Getting noticed as a potential NFL wide receiver at Winston-Salem State University can potentially be an uphill battle, or at least as daunting as going over the middle of a defense to make a reception. Fortunately, Yancey Thigpen was talented in both instances.
The 1991 NFL Draft saw the San Diego Chargers draft Thigpen out of WSSU as a fourth-round pick, but his first year with the team turned out to be his only on the west coast. In four games, Thigpen did not record a reception. By 1992, he was on his way to the Steel City to play for new Pittsburgh coach, Bill Cowher.
Not only was Cowher beginning his first year as coach, but Neil O'Donnell had ascended to the starting quarterback role, and Barry Foster had been named the team's starting running back. The impact was felt immediately. The Steelers went 11-5 and made it to the divisional round of the playoffs behind O'Donnell's 2,283 yards and 13 touchdowns along with Foster's 1,690 yards on the ground.

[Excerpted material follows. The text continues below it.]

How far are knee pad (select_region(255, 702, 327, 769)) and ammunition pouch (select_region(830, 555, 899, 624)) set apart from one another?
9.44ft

But Thigpen's contribution was minimal with only one reception for the season and two kick returns.
Fast forward another season and Thigpen posted nine catches for 154 yards and recorded three touchdowns in 1993. The Steelers were only beginning to realize the talent they had in Thigpen.

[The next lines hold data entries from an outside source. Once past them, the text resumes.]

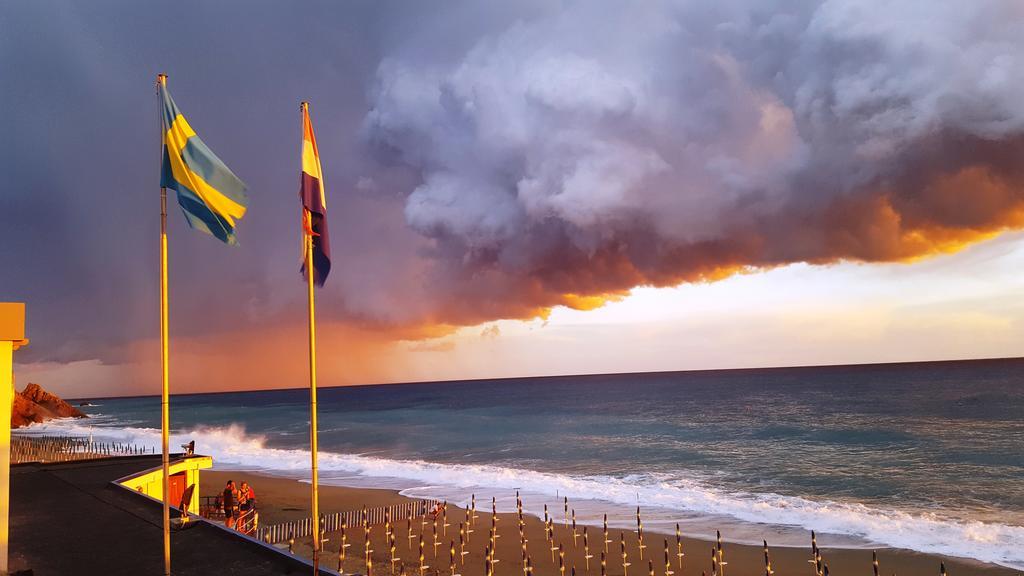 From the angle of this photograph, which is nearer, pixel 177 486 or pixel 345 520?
pixel 177 486

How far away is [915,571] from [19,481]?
3290 centimetres

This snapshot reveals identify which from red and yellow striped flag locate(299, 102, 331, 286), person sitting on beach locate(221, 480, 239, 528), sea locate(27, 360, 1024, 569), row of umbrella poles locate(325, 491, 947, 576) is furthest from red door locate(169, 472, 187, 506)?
red and yellow striped flag locate(299, 102, 331, 286)

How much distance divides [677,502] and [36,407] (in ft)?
434

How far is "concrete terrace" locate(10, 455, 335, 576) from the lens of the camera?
11.9m

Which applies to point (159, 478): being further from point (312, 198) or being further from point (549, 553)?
point (312, 198)

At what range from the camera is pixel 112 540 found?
14297 mm

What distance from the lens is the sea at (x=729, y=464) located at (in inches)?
1158

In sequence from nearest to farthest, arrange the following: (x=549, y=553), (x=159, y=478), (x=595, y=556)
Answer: (x=595, y=556) → (x=549, y=553) → (x=159, y=478)


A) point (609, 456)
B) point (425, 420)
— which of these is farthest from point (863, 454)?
point (425, 420)

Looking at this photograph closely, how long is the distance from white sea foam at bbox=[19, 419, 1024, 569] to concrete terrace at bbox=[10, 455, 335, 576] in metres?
19.8

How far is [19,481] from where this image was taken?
23.2m

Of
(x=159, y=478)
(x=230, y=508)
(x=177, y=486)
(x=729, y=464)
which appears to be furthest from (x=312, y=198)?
(x=729, y=464)

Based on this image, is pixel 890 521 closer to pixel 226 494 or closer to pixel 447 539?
pixel 447 539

The 1994 season saw Pittsburgh make a run to the AFC Championship game where, despite being favored to upend the Chargers, they fell to San Diego 17-13. Although the running game was in flux with Foster's lingering injuries and Bam Morris' breakout year that season, the passing game was on the verge of a breakout year the following year in 1995, and Thigpen would become O'Donnell's primary target. He finished '94 with 36 receptions, 546 yards and four touchdowns.
Thigpen's success in 1995 was not only a pivotal part of the Steelers' Super Bowl XXX appearance but also led to his first Pro Bowl selection as he recorded 85 receptions, 1,307 yards and five touchdowns. It was fitting that he was competing in the same Super Bowl as Michael Irvin because Thigpen began to develop himself not only into a bona fide downfield threat, but as a fearless go-to receiver over the middle, much like "the Playmaker" himself. Thigpen had Pittsburgh's only receiving touchdown in the title game as the Steelers fell to the Cowboys, 27-17.
After the success of the 1995 season on an individual level, 1996 proved to be the opposite as Thigpen missed most of the season due to leg injuries. But he would again return to Pro Bowl form in 1997, catching 79 passes and accumulating 1,398 yards.
The offseason leading into 1998 saw Thigpen become a free agent, and with two Pro Bowl seasons in three years ,along with breaking the Steelers' season records for receptions and yards, Thigpen was being actively courted by other teams, mainly the Tennessee Oilers (pre-Titans) who Thigpen signed a five-year contract with to become a veteran deep threat for Steve McNair.
The remainder of Thigpen's career would play out with Tennessee, and in 1999 he would again reach the Super Bowl but again it would be in a losing effort as the Titans fell to the Rams, 23-16. He would retire after the 2000 season.
Despite the final three years of his career being played in Tennessee, Thigpen's NFL legacy resides in Pittsburgh, where he seemed to become a standout overnight at wide receiver. With a franchise filled with as much history as the Steelers, Thigpen's integral seasons are an interesting way-point when navigating between the golden era success of Lynn Swann and John Stallworth to the modern era of Hines Ward, Santonio Holmes, and Mike Wallace.